Sometimes a pattern will call for a double YO because it is going to direct you to work two different stitches into it in the next row. Other times patterns will call for a YO with two (or more) wraps and then it directs you to drop the extra yarn in the next row.

What a double YO does NOT do is make two holes side by side, even though that is what one might think when they see a YO2 in the instructions. As with all acronyms and shorthand notations, they are really neither prescriptive or descriptive and the the designer just assumes the knitter knows what is meant.

Something like "twice wrapped YO" instead of YO2 might be more clear. First picture below shows a YO2. As you can see, it produces two segments of yarn over the top of the needle.

Most often (but not always) when you have a YO2 in the direction, in the following row the pattern will tell you to work a K1, P1 in the YO2s. (Second photo)

Actually, if you prefer, you can just work a single YO and then work the K1,P1 into the single YO. The resulting hole will be a little smaller, which may or may not be a look you want or like.
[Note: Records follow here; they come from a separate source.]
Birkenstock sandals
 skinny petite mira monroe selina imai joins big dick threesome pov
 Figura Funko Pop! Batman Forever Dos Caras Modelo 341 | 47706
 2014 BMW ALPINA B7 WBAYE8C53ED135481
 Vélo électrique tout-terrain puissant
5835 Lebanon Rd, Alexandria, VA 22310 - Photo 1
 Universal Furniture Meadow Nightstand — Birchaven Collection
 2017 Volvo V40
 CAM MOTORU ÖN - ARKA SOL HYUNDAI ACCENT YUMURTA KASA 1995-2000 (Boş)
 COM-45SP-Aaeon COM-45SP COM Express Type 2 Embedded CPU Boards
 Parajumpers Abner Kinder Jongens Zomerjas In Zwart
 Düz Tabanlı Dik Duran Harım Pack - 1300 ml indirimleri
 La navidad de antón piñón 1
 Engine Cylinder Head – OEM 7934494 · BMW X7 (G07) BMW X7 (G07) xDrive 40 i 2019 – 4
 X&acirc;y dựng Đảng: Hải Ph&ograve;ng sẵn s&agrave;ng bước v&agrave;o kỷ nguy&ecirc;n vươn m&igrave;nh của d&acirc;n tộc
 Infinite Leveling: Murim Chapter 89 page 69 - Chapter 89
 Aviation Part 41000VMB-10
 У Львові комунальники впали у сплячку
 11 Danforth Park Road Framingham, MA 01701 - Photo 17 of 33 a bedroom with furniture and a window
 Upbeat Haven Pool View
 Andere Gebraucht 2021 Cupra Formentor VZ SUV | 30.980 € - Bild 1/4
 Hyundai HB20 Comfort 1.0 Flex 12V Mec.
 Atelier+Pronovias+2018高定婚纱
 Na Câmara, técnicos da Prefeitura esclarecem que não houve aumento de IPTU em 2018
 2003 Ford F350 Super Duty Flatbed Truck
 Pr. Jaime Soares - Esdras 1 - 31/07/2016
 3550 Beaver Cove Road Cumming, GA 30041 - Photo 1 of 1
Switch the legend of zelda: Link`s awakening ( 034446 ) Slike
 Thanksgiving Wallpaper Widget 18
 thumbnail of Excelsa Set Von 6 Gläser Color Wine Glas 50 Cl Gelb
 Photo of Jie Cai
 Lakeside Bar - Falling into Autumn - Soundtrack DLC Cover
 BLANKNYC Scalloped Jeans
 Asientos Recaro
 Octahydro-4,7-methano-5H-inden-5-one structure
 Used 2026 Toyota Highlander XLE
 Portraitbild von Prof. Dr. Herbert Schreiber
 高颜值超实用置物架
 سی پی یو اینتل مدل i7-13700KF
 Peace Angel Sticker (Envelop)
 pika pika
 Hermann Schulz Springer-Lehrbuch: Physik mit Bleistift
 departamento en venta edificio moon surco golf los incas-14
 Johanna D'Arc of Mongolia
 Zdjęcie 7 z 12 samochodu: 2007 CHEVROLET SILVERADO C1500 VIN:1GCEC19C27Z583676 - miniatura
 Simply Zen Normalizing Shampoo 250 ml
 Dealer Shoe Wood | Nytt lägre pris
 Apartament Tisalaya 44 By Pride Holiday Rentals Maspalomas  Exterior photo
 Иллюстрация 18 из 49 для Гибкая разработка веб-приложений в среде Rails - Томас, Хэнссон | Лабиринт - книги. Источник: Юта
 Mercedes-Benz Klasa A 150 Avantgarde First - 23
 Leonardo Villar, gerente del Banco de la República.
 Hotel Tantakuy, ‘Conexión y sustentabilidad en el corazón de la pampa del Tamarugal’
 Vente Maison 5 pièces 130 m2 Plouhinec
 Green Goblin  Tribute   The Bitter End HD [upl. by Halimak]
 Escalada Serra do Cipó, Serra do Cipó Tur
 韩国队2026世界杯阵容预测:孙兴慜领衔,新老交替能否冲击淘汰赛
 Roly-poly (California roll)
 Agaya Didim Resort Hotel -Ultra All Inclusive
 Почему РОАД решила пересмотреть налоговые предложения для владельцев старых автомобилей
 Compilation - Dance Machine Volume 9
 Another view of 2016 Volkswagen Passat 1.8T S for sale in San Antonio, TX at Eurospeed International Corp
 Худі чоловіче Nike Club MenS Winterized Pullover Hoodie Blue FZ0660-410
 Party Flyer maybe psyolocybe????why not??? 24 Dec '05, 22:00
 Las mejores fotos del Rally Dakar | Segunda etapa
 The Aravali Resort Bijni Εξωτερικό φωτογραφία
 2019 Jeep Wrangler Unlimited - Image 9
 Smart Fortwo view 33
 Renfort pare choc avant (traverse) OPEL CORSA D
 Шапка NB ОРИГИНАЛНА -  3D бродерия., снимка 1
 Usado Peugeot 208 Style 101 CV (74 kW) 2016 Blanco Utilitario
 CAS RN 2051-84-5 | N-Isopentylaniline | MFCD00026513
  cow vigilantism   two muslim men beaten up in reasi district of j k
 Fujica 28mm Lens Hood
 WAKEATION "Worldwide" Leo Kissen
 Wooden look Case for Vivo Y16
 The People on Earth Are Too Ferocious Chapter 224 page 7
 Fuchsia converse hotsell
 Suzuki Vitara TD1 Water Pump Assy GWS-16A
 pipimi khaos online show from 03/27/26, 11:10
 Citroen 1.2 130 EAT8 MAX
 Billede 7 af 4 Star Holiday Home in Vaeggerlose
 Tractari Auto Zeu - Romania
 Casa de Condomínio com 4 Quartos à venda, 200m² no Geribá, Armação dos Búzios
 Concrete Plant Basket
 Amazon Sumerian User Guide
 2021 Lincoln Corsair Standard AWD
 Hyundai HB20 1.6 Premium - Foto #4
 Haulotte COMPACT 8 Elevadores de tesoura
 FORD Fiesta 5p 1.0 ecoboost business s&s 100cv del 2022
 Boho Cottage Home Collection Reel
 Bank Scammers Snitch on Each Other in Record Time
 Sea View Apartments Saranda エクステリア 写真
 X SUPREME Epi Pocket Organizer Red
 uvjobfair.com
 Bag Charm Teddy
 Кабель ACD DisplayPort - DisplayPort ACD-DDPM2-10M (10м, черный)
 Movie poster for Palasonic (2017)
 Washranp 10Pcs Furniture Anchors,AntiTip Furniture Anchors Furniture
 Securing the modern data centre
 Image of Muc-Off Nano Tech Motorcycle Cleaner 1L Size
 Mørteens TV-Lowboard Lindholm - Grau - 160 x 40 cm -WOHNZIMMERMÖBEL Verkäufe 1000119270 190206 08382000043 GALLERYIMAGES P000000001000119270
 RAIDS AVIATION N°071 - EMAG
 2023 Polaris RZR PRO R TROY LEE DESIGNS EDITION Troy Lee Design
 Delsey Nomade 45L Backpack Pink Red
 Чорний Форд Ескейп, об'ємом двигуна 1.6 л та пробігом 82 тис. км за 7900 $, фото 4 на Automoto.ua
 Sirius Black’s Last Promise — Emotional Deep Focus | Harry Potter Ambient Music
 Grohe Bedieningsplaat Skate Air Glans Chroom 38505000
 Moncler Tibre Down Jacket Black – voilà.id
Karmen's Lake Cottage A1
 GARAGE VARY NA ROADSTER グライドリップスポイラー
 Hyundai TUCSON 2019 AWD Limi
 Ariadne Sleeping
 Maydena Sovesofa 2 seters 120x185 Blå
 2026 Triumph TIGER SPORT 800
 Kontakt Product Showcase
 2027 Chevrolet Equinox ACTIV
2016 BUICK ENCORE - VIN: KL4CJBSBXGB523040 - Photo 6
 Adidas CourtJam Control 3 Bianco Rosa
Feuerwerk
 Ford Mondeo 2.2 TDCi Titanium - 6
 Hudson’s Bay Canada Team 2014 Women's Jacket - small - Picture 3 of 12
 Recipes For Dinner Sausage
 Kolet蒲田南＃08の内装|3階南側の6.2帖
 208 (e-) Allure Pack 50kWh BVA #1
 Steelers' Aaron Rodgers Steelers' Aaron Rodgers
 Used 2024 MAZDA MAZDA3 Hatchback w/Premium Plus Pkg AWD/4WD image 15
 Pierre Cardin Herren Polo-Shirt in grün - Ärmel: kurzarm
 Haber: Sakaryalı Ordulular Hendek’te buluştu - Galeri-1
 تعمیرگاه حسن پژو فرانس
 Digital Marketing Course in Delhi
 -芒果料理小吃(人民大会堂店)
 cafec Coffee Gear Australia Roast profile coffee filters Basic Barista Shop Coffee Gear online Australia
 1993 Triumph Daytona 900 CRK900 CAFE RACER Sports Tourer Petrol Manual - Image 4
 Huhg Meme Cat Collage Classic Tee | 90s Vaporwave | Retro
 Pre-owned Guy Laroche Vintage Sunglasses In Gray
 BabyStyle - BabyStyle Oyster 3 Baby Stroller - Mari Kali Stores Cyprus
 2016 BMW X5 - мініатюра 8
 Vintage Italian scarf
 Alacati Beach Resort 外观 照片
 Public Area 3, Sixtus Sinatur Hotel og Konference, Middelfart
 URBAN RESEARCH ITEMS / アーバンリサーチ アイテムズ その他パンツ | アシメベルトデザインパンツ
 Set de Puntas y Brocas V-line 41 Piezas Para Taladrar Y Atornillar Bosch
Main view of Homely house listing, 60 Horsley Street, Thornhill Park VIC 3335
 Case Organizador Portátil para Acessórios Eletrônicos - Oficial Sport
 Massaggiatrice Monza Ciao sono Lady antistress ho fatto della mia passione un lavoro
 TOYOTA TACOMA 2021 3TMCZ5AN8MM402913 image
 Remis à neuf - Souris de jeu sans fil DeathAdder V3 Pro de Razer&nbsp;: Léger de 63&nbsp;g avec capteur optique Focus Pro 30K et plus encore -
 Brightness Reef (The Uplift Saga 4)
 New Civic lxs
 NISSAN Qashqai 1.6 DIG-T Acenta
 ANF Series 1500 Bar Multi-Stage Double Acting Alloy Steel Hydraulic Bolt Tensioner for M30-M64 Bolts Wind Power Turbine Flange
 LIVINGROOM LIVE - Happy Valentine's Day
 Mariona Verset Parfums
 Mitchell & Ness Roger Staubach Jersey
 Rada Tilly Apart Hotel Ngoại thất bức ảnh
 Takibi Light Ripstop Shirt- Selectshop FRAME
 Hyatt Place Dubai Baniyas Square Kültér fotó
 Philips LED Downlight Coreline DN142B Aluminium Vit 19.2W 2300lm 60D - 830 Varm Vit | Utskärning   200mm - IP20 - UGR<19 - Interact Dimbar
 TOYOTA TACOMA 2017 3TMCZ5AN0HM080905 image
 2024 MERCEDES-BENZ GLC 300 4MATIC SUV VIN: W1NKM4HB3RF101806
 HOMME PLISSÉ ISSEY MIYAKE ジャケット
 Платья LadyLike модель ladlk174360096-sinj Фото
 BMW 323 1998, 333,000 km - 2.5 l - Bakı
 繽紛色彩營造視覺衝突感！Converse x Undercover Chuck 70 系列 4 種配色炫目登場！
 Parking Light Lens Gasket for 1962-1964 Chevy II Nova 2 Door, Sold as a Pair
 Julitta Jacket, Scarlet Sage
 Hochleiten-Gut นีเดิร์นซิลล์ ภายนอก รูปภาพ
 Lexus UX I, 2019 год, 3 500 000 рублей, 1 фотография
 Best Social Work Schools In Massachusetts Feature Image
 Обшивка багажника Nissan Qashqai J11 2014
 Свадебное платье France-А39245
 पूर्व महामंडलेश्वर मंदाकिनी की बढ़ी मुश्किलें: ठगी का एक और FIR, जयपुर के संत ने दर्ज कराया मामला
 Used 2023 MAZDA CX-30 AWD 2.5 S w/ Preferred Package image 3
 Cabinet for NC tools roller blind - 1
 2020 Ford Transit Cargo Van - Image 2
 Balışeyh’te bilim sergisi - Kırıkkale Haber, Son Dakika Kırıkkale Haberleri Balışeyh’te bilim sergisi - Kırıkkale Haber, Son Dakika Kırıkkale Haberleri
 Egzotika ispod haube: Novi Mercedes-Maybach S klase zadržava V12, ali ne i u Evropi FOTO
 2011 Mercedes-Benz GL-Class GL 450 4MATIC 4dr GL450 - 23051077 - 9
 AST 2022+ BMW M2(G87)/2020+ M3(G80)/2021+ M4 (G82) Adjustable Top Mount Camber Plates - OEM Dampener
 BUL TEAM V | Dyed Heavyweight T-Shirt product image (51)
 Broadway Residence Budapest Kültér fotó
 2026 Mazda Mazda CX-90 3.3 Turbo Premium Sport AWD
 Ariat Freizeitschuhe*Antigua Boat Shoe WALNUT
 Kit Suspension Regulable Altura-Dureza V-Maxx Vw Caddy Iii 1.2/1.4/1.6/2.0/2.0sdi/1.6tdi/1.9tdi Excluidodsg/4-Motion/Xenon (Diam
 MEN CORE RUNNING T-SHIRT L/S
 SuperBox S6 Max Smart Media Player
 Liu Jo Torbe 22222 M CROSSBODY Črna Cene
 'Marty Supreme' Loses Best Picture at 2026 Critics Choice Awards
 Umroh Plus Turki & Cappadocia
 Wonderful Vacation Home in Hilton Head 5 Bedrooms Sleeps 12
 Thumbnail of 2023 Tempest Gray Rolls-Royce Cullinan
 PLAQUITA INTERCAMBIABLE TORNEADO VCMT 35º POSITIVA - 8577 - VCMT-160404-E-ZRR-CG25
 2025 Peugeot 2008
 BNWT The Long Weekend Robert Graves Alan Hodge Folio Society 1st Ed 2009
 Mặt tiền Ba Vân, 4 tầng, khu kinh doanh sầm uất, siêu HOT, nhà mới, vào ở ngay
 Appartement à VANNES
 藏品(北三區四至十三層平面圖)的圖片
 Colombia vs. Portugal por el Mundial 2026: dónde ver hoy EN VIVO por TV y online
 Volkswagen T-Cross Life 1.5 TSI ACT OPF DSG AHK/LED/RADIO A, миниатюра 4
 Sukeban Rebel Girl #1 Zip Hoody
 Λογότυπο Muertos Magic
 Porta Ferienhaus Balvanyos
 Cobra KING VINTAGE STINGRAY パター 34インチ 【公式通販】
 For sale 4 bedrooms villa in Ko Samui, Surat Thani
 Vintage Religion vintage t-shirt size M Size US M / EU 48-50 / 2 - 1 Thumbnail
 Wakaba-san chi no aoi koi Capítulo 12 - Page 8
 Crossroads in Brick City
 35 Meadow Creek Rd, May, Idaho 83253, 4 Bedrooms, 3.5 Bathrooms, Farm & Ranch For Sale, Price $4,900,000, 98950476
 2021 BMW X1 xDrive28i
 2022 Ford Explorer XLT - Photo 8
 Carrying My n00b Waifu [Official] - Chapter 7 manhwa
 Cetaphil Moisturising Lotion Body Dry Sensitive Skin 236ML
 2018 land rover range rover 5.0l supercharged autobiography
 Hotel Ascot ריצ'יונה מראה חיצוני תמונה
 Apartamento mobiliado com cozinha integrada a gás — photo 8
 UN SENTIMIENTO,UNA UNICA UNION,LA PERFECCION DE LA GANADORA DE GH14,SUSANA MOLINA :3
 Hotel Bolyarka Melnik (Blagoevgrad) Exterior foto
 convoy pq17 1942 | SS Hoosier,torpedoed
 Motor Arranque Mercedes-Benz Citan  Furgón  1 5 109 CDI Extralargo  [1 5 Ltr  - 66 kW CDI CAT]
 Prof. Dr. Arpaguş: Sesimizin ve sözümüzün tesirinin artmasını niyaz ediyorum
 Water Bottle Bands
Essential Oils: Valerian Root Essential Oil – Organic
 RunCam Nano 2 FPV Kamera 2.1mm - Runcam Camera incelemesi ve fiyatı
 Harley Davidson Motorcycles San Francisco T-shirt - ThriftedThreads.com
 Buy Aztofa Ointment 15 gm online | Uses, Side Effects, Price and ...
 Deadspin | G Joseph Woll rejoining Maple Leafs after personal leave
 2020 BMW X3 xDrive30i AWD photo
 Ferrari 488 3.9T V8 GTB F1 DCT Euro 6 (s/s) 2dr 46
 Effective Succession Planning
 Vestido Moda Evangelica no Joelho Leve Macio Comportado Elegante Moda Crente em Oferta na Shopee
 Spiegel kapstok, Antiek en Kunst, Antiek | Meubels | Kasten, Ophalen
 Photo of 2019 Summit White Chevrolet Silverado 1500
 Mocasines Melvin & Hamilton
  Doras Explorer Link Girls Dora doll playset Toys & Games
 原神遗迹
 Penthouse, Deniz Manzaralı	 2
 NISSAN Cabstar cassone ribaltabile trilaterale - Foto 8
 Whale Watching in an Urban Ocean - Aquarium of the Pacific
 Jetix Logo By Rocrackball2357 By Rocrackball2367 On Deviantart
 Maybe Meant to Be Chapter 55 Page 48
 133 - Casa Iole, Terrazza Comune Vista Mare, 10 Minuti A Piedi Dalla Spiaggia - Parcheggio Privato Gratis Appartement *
If you or any other KPers want more info on YOs I have written a tutorial on the subject. PM for more info on how to obtain it.

Regards,
Elyse



luvs2knit50 said:


> I have had problems with patterns with double yarn overs myself. I have since misplaced the pattern I was working on & would love to try again with all the information from this forum. I have to keep looking for it. It was in a Christmas magazine & was an afghan with many patterns in stripes. I tried several times to work it, but I just never got the double yarn overs. Be sure to post a picture!!


----------



## tulip2 (Sep 21, 2013)

thank you for all your help!I am going to knit up a swatch of 12 rows, the repeat pattern ,and see how I do. I will send a pic to your pm , then you can see what you think. I am using 10.5 circulars and just some DK yarn, so that the pattern is visible.
Hopefully I'll get that done today if I don't have a lot of interruptions!


----------



## StitchDesigner (Jan 24, 2011)

Just like you would purl INTO any other stitch.


----------